Directions: Find the line that contains "2-in-1 Convertible Hand"; please output it and each line after it, exactly as shown, up to the end of the entries below, skipping pictures.

Exercise materials START

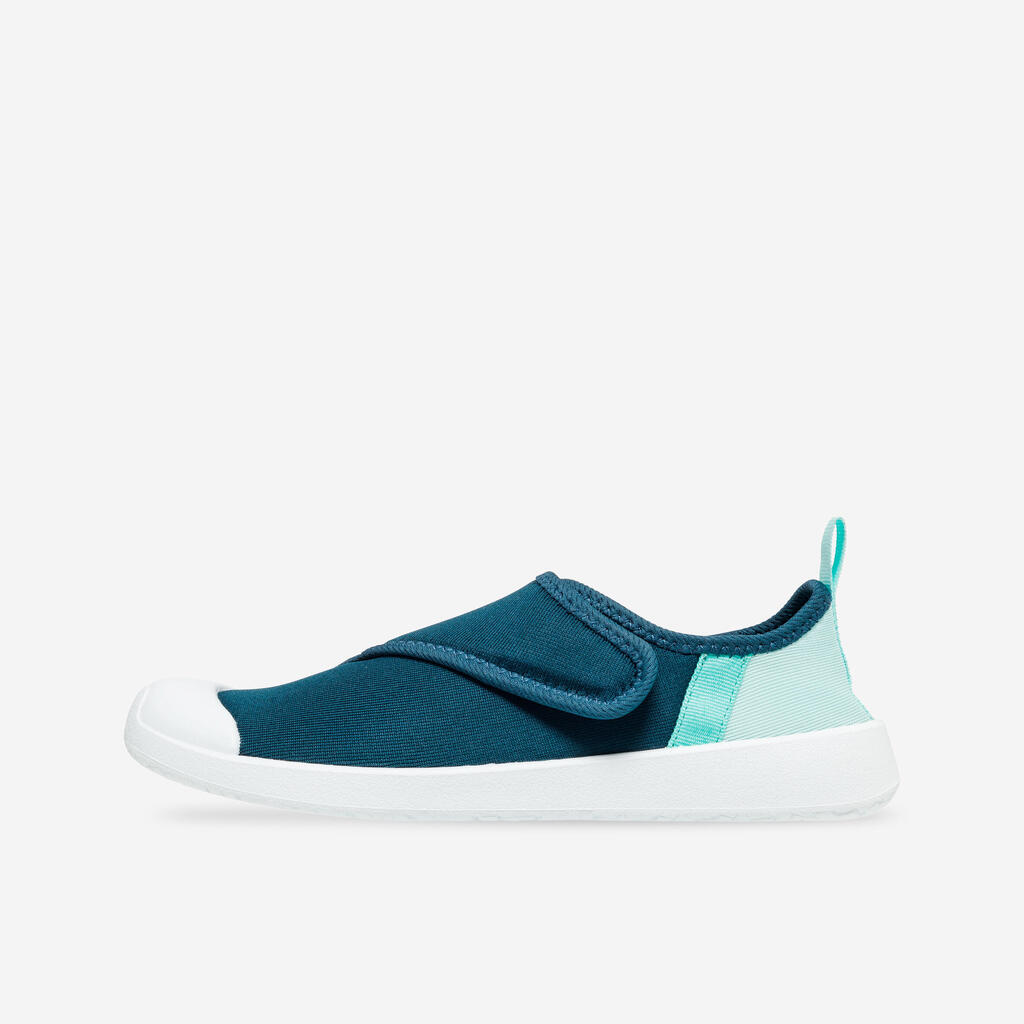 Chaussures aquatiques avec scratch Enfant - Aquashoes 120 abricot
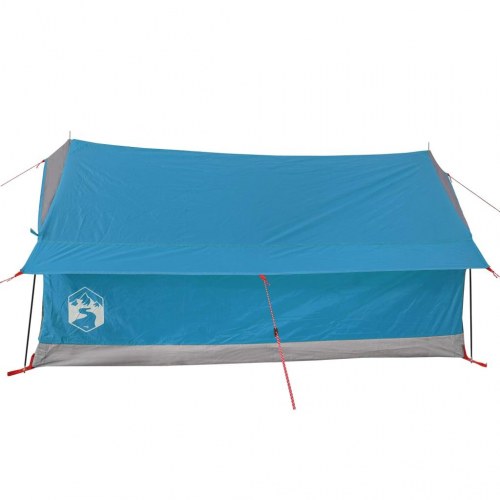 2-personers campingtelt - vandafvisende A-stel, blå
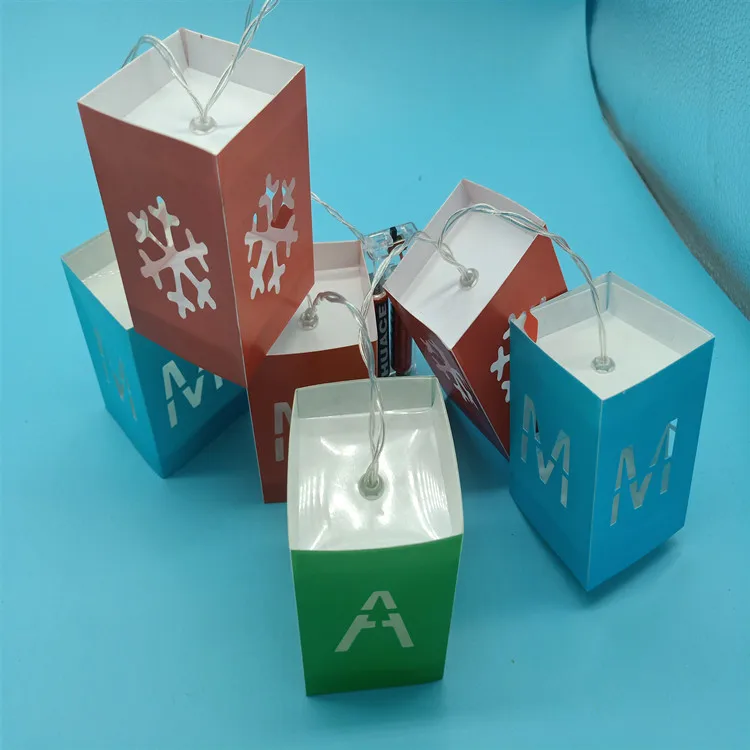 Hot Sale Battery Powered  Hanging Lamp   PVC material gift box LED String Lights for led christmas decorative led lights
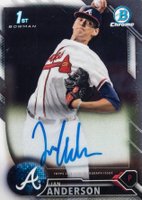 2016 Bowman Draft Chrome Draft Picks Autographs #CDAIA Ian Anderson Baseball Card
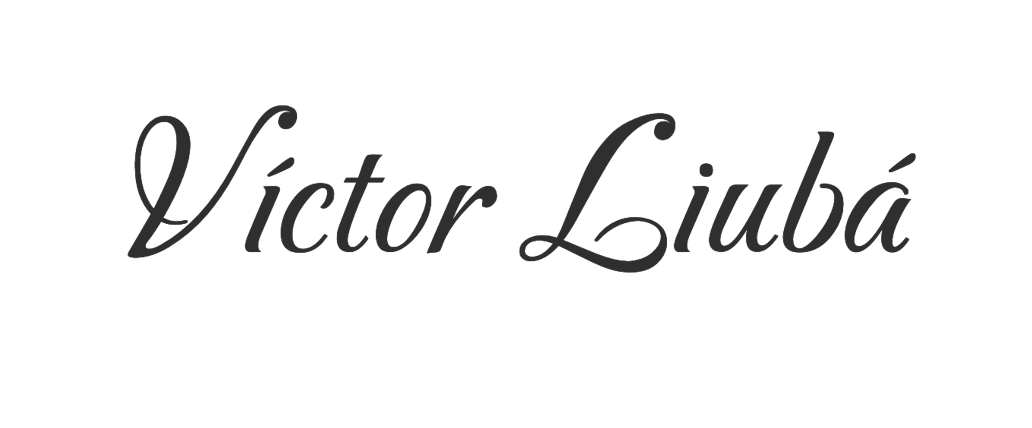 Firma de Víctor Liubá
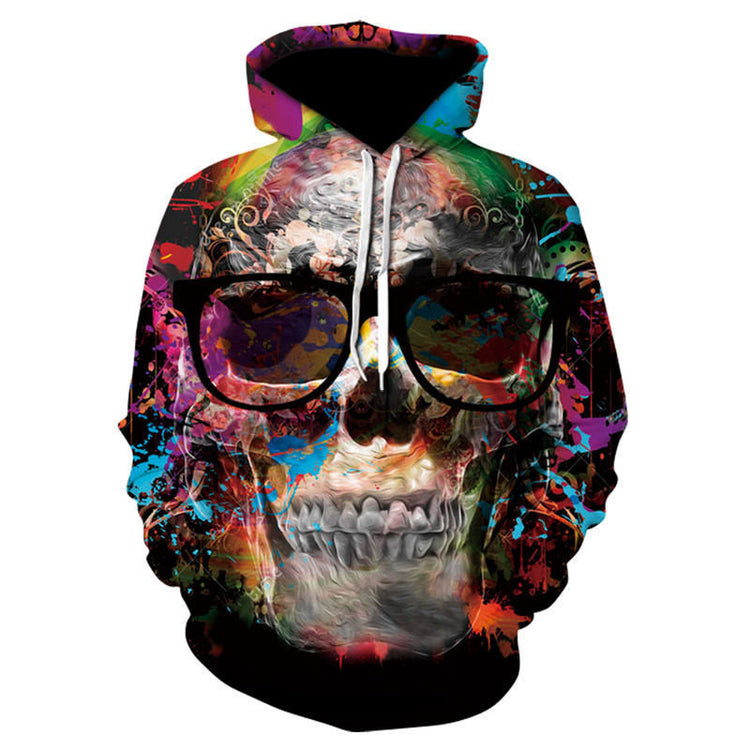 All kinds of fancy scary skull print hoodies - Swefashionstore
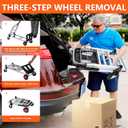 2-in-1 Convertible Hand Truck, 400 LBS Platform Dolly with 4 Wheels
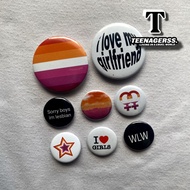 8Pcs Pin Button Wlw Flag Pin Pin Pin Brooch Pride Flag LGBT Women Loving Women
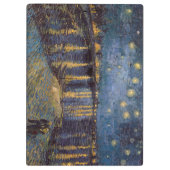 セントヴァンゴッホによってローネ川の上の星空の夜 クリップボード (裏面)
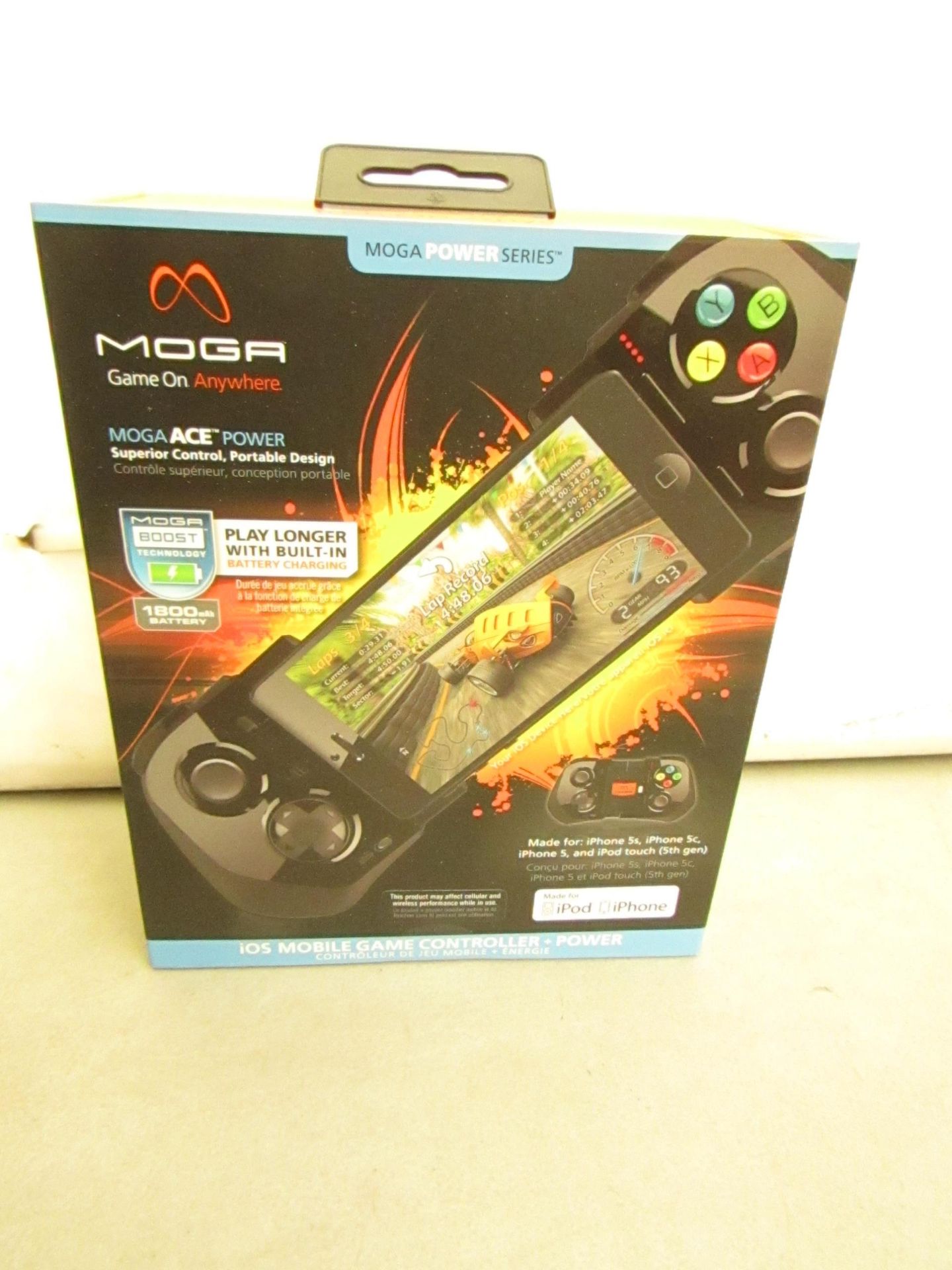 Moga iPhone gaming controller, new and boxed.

Exercise materials END

Output:
 2-in-1 Convertible Hand Truck, 400 LBS Platform Dolly with 4 Wheels
 8Pcs Pin Button Wlw Flag Pin Pin Pin Brooch Pride Flag LGBT Women Loving Women
 セントヴァンゴッホによってローネ川の上の星空の夜 クリップボード (裏面)
 Moga iPhone gaming controller, new and boxed.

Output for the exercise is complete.